*WHAT THIS TASK INVOLVES:*
From the first line of the data below through the line bearing "UHP4956 Mid Century", reproduce each line exactly; do not include pictures.
↓↓↓
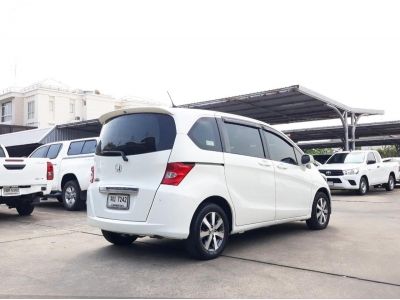 HONDA FREED 1.5 SE CC. ปี 2012 สี ขาว เกียร์ Auto รูปที่ 4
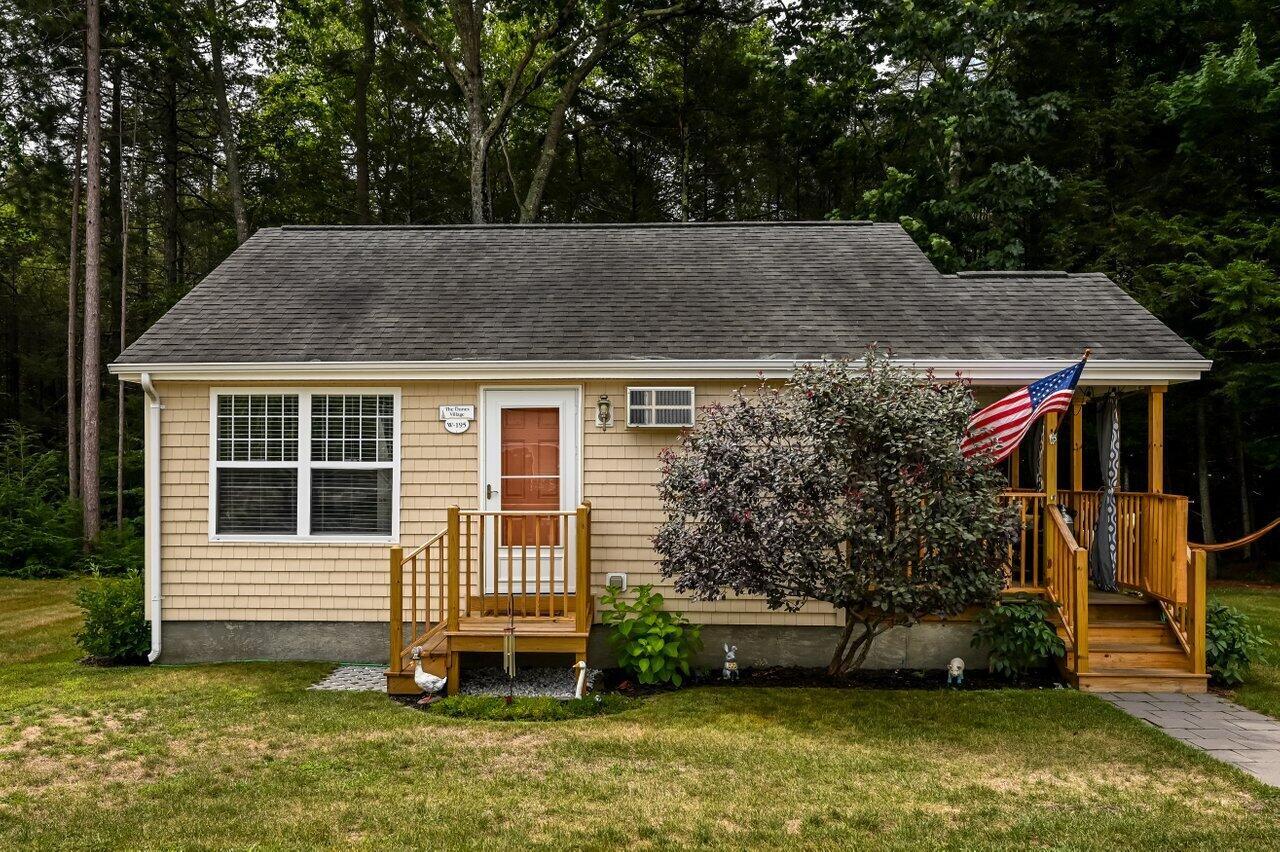 Property Photo: 412 Post Road 195 ME 04090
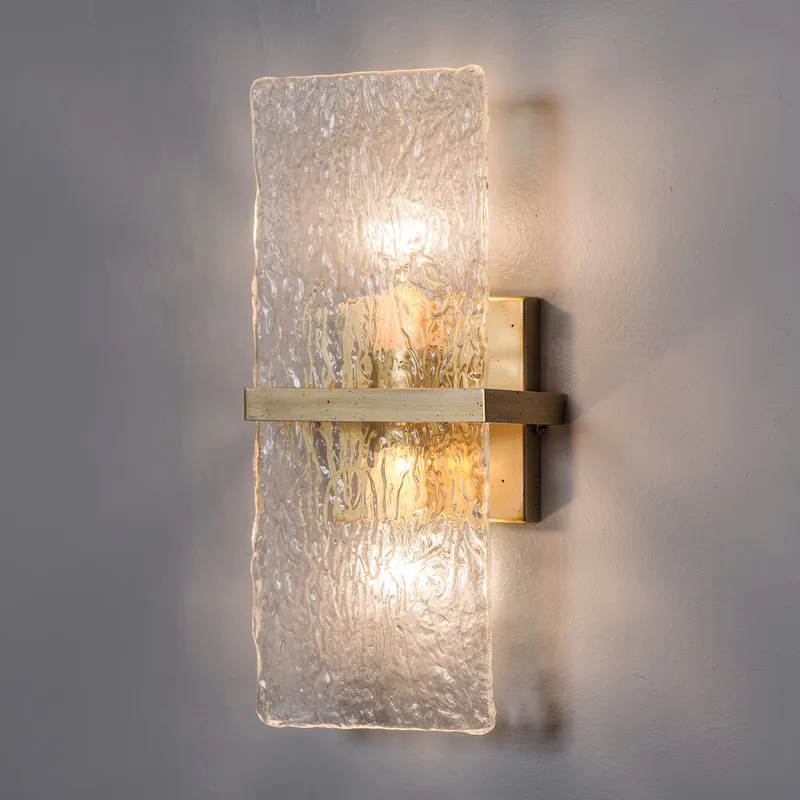 UHP4956 Mid Century Modern Indoor Wall Sconce, 15''H x 4-1/2"W x 7''D, Gilded Silver Finish, Kenton Collection — Urban Ambiance LED Wall Lights 60.0W 3000K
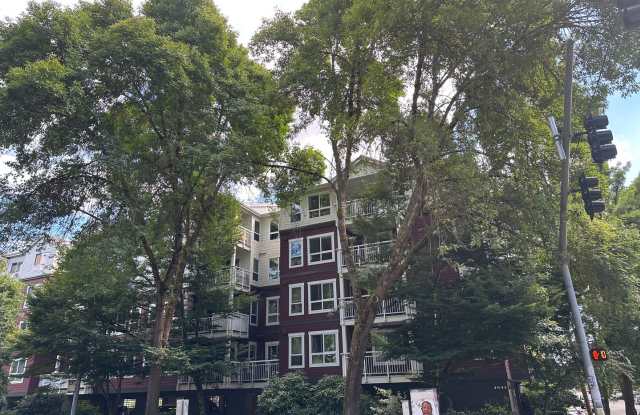 2Bd/2Ba Seattle Condo - 2805 Northeast 125th Street, Seattle, WA 98125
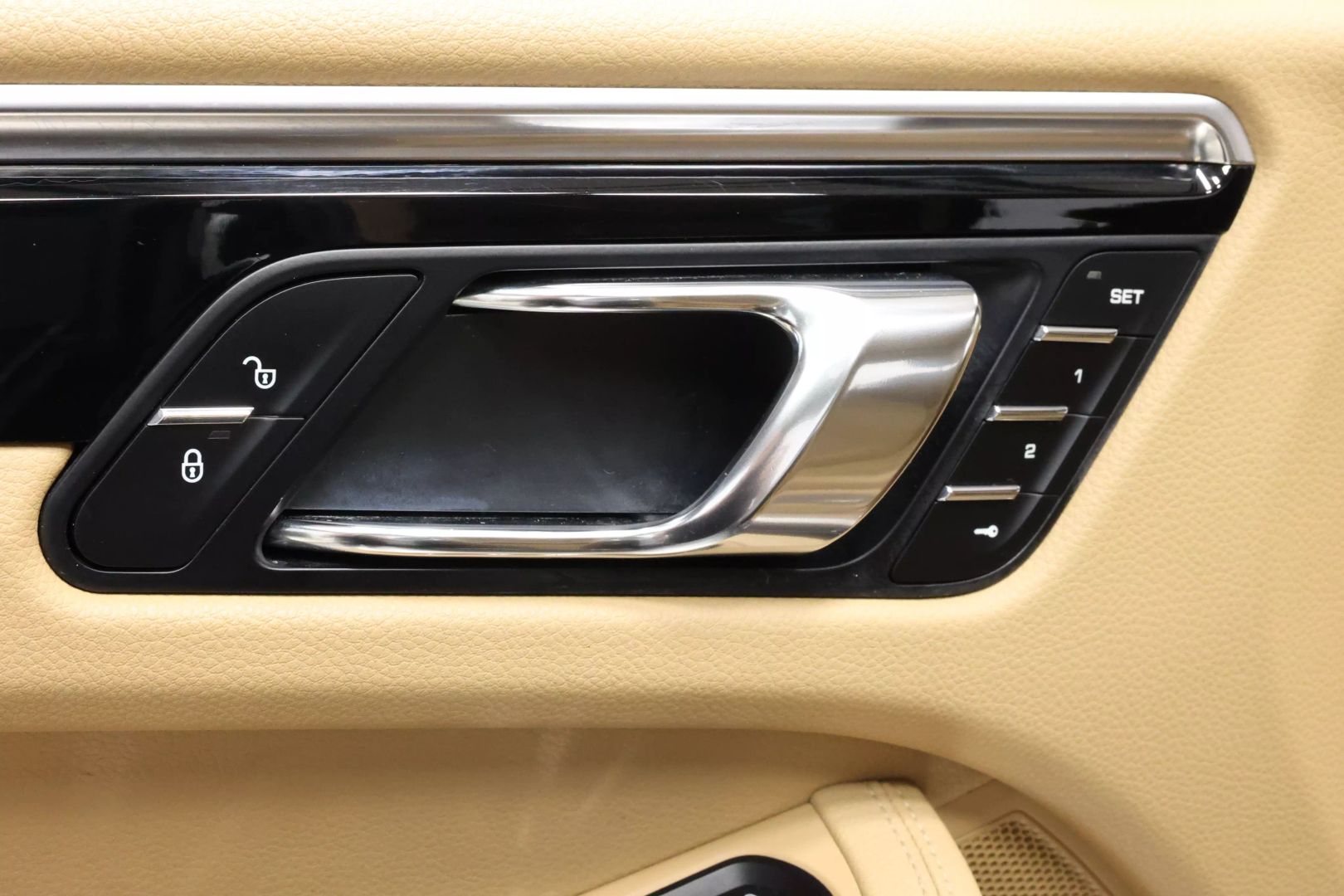 2016 Porsche Macan - Image 11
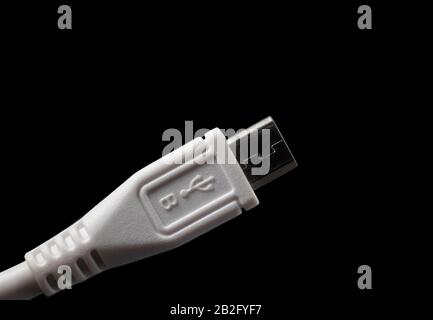 Fiche mâle micro USB type B avec logo. Connecteur mâle isolé sur noir. Banque D'Images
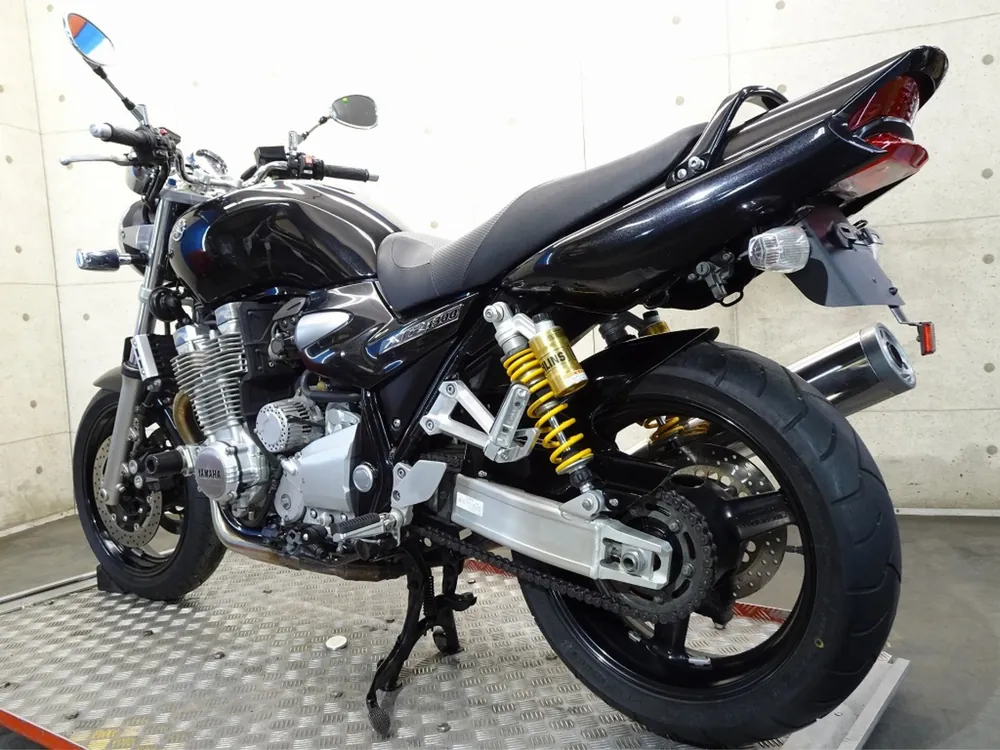 Yamaha XJR1300 2007, чёрный, фото 9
↑↑↑
*EXERCISE ANSWER:*
 HONDA FREED 1.5 SE CC. ปี 2012 สี ขาว เกียร์ Auto รูปที่ 4
 Property Photo: 412 Post Road 195 ME 04090
 UHP4956 Mid Century Modern Indoor Wall Sconce, 15''H x 4-1/2"W x 7''D, Gilded Silver Finish, Kenton Collection — Urban Ambiance LED Wall Lights 60.0W 3000K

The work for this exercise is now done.